The pairing of Strong opposite Michael Imperioli, making his Broadway debut as Peter, Thomas’s brother and the mayor who leads the charge against him, lends the revival a certain cable-drama prestige. But “The White Lotus” star’s bottled-storm-cloud intensity spreads thin onstage, and the fraught fraternity between the rival siblings is only intermittently believable.

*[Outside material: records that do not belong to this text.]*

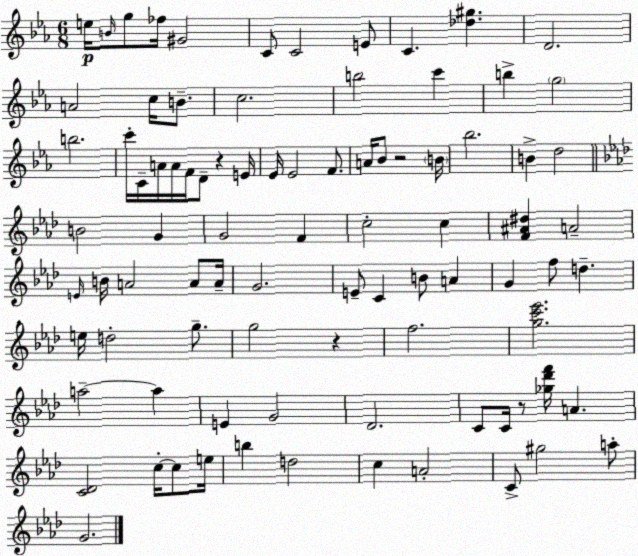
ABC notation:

X:1
T:Untitled
M:6/8
L:1/4
K:Cm
e/4 B/4 g/2 _f/4 ^G2 C/2 C2 E/2 C [_d^g] D2 A2 c/4 B/2 c2 b2 c' b g2 b2 c'/4 C/4 A/4 A/4 F/4 D/2 z E/4 _E/4 _E2 F/2 A/4 _B/2 z2 B/4 _b2 B d2 B2 G G2 F c2 c [F^A^d] A2 E/4 B/4 A2 A/2 A/4 G2 E/2 C B/2 A G f/2 d e/4 d2 g/2 g2 z f2 [gc'_e']2 a2 a E G2 _D2 C/2 C/4 z/2 [_g_d'f']/4 A [C_D]2 c/4 c/2 e/4 b d2 c A2 C/2 ^g2 a/2 G2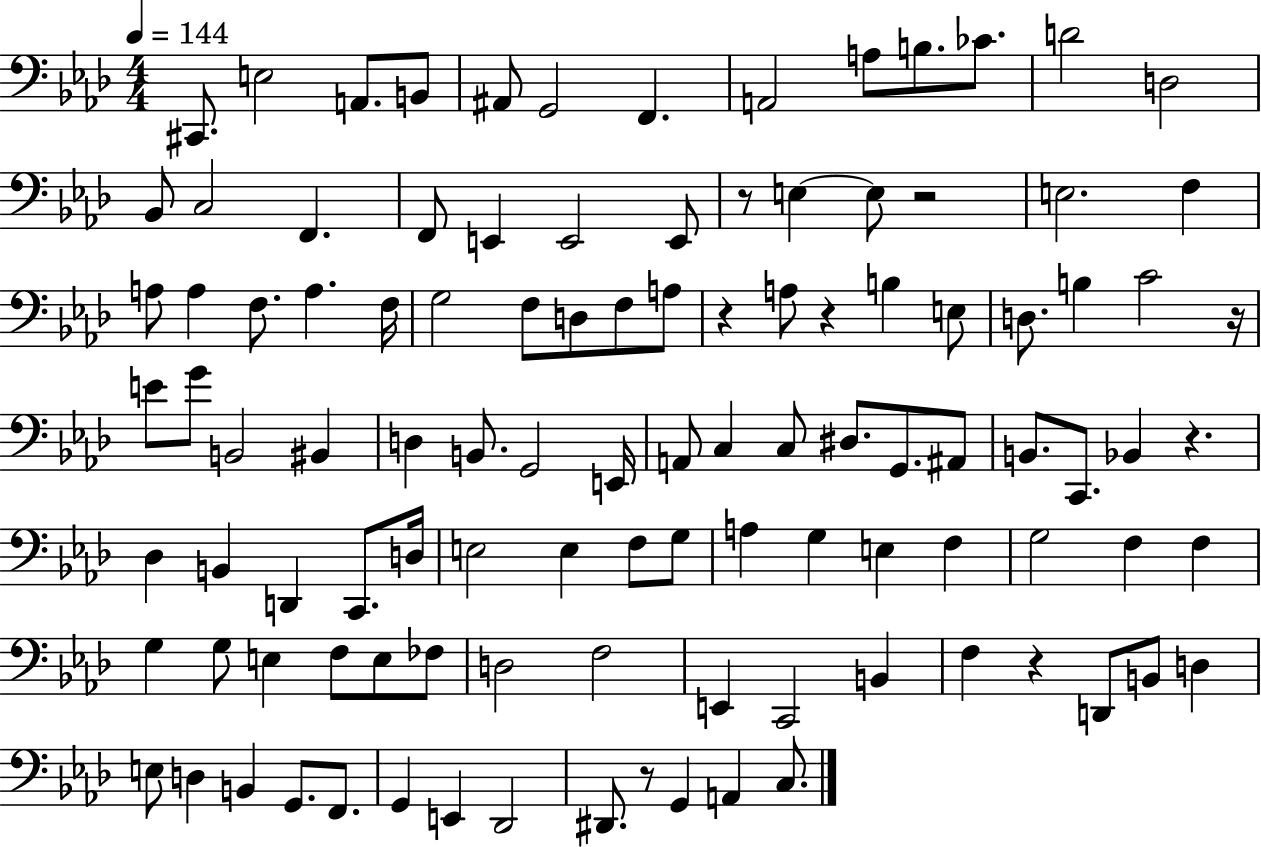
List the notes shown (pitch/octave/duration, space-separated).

C#2/e. E3/h A2/e. B2/e A#2/e G2/h F2/q. A2/h A3/e B3/e. CES4/e. D4/h D3/h Bb2/e C3/h F2/q. F2/e E2/q E2/h E2/e R/e E3/q E3/e R/h E3/h. F3/q A3/e A3/q F3/e. A3/q. F3/s G3/h F3/e D3/e F3/e A3/e R/q A3/e R/q B3/q E3/e D3/e. B3/q C4/h R/s E4/e G4/e B2/h BIS2/q D3/q B2/e. G2/h E2/s A2/e C3/q C3/e D#3/e. G2/e. A#2/e B2/e. C2/e. Bb2/q R/q. Db3/q B2/q D2/q C2/e. D3/s E3/h E3/q F3/e G3/e A3/q G3/q E3/q F3/q G3/h F3/q F3/q G3/q G3/e E3/q F3/e E3/e FES3/e D3/h F3/h E2/q C2/h B2/q F3/q R/q D2/e B2/e D3/q E3/e D3/q B2/q G2/e. F2/e. G2/q E2/q Db2/h D#2/e. R/e G2/q A2/q C3/e.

Gold’s attention to texture and tactile detail asks audiences to lean in; the play’s early scenes foster an engrossing intimacy later blasted apart by civic controversy. From the delicate border on Petra’s woolen shawl (costumes are by David Zinn) to the Rosemaling patterns painted on the white set (by the design collective Dots), the production creates a seductive and convincing world in the realm of the senses. But it took a startling ambush to jolt the moral of the story into the moment.

An Enemy of the People, through June 16 at Circle in the Square Theatre in New York. 2 hours. anenemyofthepeopleplay.com.